HMMSupervised Example: Customer Loyalty Prediction - Teradata Vantage

Machine Learning Engine Analytic Function Reference

Product
Teradata Vantage
Release Number
8.10
1.1
Published
October 2019
Language
English (United States)
Last Update
2019-12-31
dita:mapPath
ima1540829771750.ditamap
dita:ditavalPath
jsj1481748799576.ditaval
dita:id
B700-4003
lifecycle
previous
Product Category
Teradata Vantage™

Customer loyalty cannot be directly observed or measured, but can be inferred probabilistically. This use case shows how to predict the loyalty level of customers to a retailer from customer shopping patterns.

Customers who make frequent purchases or costlier purchases tend to be more loyal to a brand than infrequent shoppers buying low-value items.

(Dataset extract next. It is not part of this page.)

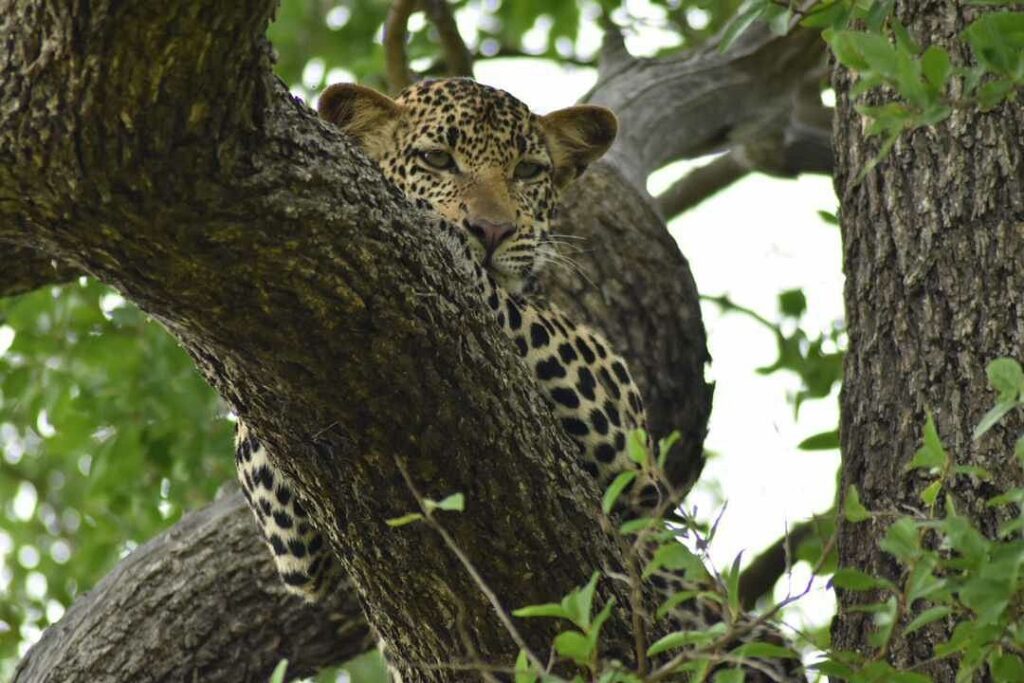 mikumi national park safari from dar es salaam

A customer who makes a purchase each week is more loyal than a customer who makes a purchase once a year. Similarly, a customer spending more money is more loyal than a customer spending less money.

You can use the shopping patterns of customers with extensive purchase histories to build a Hidden Markov Model to analyze the loyalty of new customers. Gaining insight about the loyalty levels of customers can help retailers devise strategic marketing plans to retain loyal customers and convert low-loyalty customers to high-loyalty. Retailers can also take proactive action to turn around the fading relationship with customers who show a downward trajectory of loyalty. This is particularly important for high-value customers.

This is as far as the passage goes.